What this task involves:
Below are some records. Write out exactly their lines from the one with "2015 Toyota Porte F image-3" through the one with "Vintage Pyrex Snowflake", and leave the pictures behind.

Working data:
========

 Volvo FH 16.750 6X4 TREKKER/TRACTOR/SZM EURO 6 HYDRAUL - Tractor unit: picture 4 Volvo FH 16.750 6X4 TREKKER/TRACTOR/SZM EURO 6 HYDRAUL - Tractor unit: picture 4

========

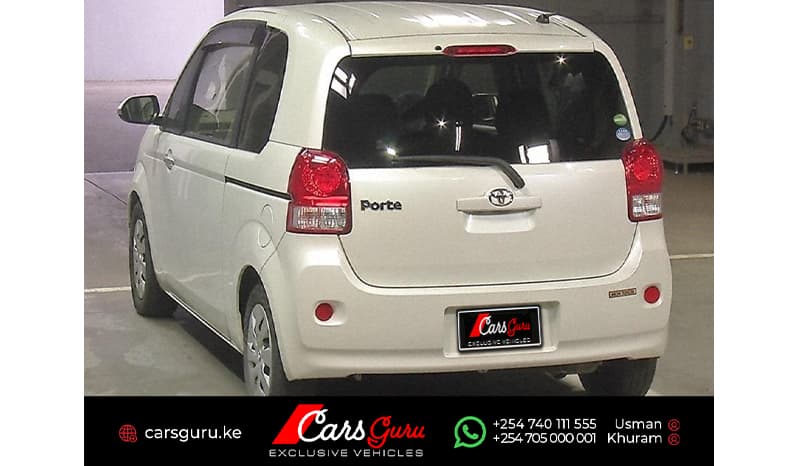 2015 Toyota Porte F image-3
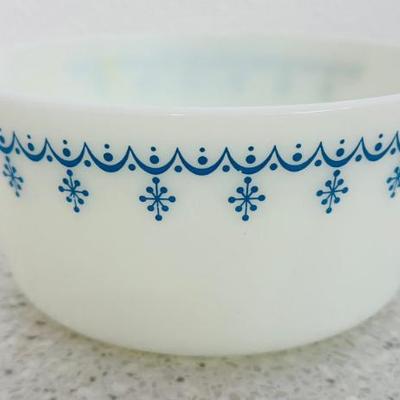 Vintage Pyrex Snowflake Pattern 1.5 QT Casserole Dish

========

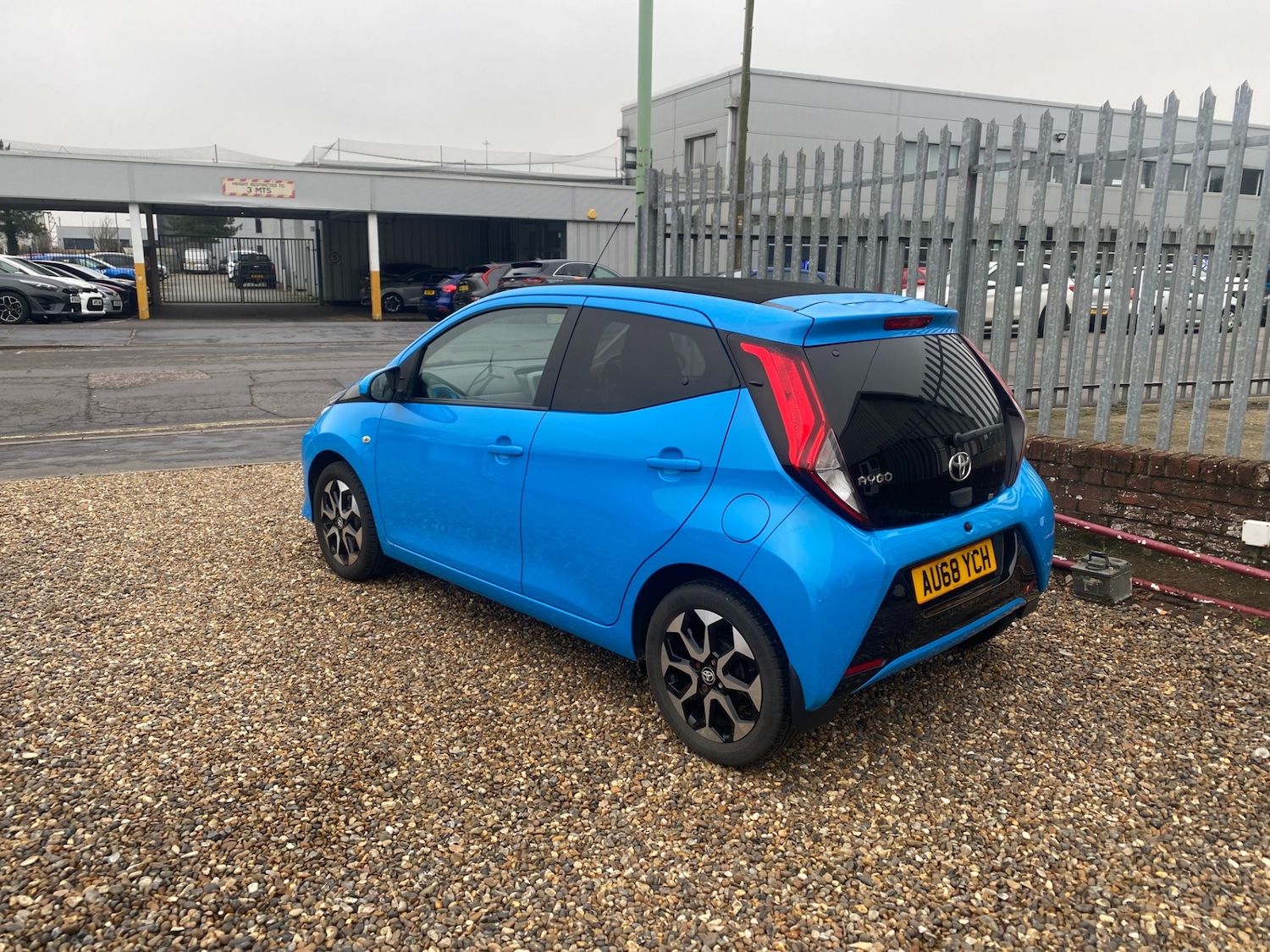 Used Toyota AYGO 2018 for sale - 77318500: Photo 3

========

Your response:
 2015 Toyota Porte F image-3
 Vintage Pyrex Snowflake Pattern 1.5 QT Casserole Dish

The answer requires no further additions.